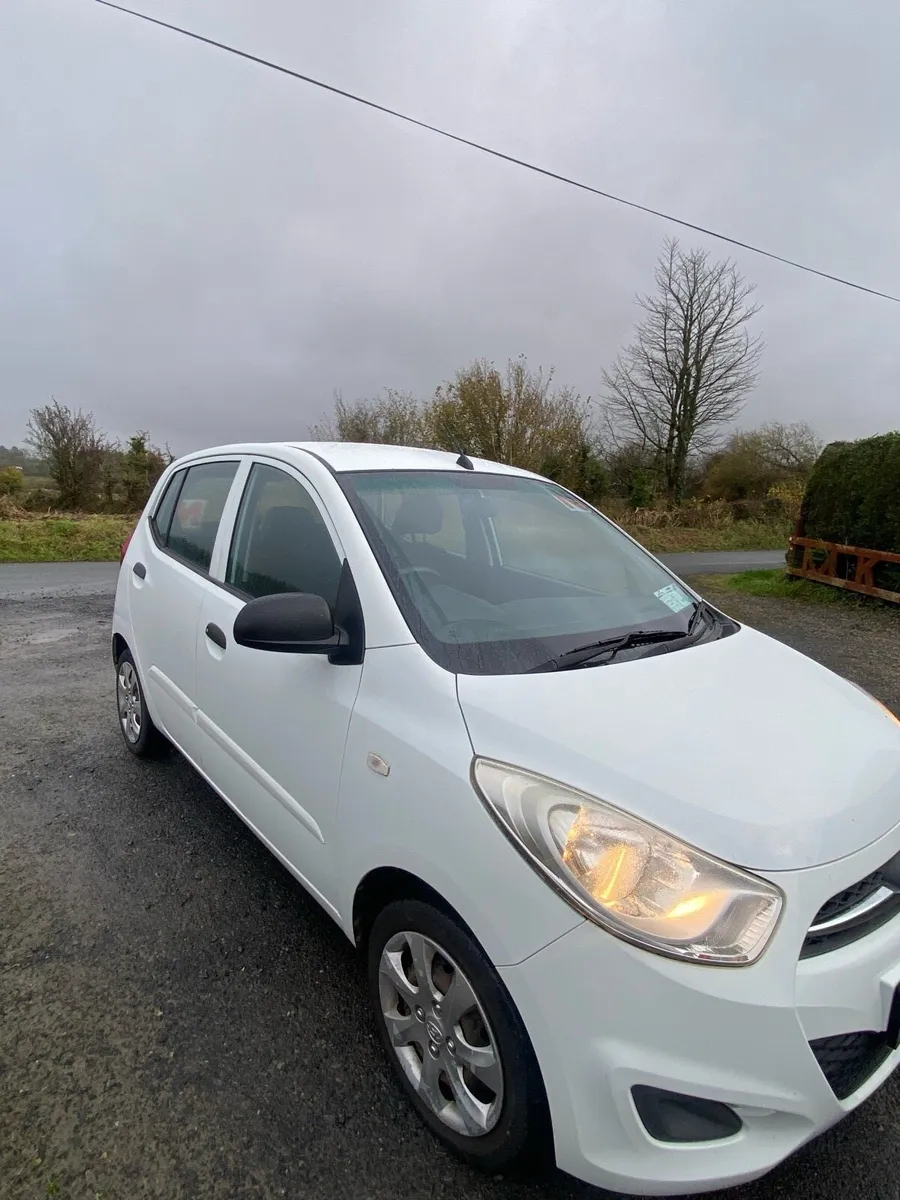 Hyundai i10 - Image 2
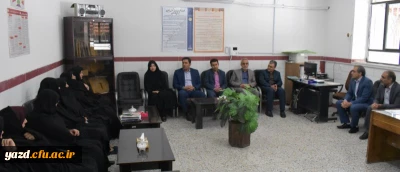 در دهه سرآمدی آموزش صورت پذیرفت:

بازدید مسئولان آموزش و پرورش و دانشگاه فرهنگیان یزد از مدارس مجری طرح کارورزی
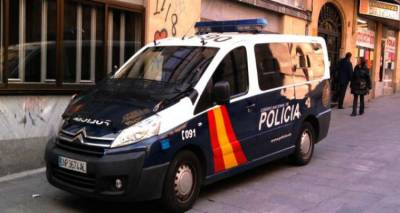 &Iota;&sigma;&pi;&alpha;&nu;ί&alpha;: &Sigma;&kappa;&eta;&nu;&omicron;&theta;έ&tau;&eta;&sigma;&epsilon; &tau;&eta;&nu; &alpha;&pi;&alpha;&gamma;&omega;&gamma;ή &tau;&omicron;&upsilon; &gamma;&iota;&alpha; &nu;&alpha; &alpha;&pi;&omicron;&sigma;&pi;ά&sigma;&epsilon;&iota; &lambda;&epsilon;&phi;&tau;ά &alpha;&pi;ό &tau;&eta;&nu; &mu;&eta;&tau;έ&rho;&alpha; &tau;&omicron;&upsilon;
+ + + + +
**EXERCISE REQUIREMENTS**
What is needed here is an exact transcript of the data above, pictures excluded.

**OUTPUT BELOW**
 Hyundai i10 - Image 2
 در دهه سرآمدی آموزش صورت پذیرفت:

بازدید مسئولان آموزش و پرورش و دانشگاه فرهنگیان یزد از مدارس مجری طرح کارورزی
 &Iota;&sigma;&pi;&alpha;&nu;ί&alpha;: &Sigma;&kappa;&eta;&nu;&omicron;&theta;έ&tau;&eta;&sigma;&epsilon; &tau;&eta;&nu; &alpha;&pi;&alpha;&gamma;&omega;&gamma;ή &tau;&omicron;&upsilon; &gamma;&iota;&alpha; &nu;&alpha; &alpha;&pi;&omicron;&sigma;&pi;ά&sigma;&epsilon;&iota; &lambda;&epsilon;&phi;&tau;ά &alpha;&pi;ό &tau;&eta;&nu; &mu;&eta;&tau;έ&rho;&alpha; &tau;&omicron;&upsilon;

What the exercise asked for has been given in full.